EXERCISE DESCRIPTION: When you copy the listing, skip the images and return each line verbatim.

THE DATA:
....

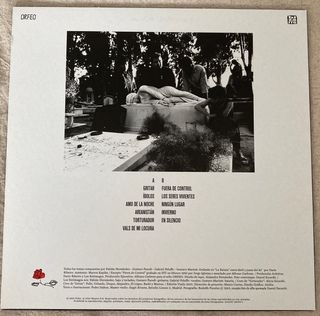 Los Estómagos - Tango Que Me Hiciste Mal - Vinilo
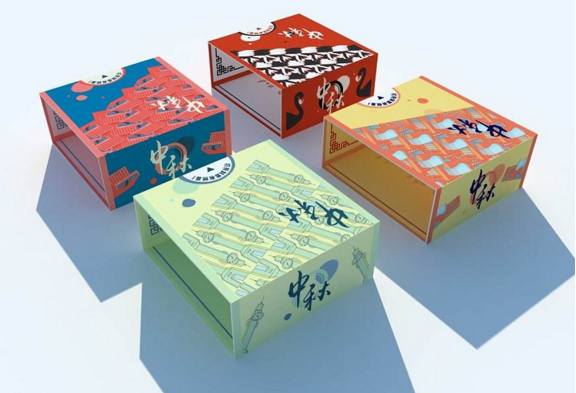 消費(fèi)者對(duì)月餅包裝設(shè)計(jì)感興趣嗎？月餅包裝設(shè)計(jì)可以自己做嗎？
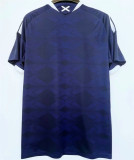 2026 Scotland home Fans Version Thailand Quality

....

SOLUTION TO THIS PROBLEM:
 Los Estómagos - Tango Que Me Hiciste Mal - Vinilo
 消費(fèi)者對(duì)月餅包裝設(shè)計(jì)感興趣嗎？月餅包裝設(shè)計(jì)可以自己做嗎？
 2026 Scotland home Fans Version Thailand Quality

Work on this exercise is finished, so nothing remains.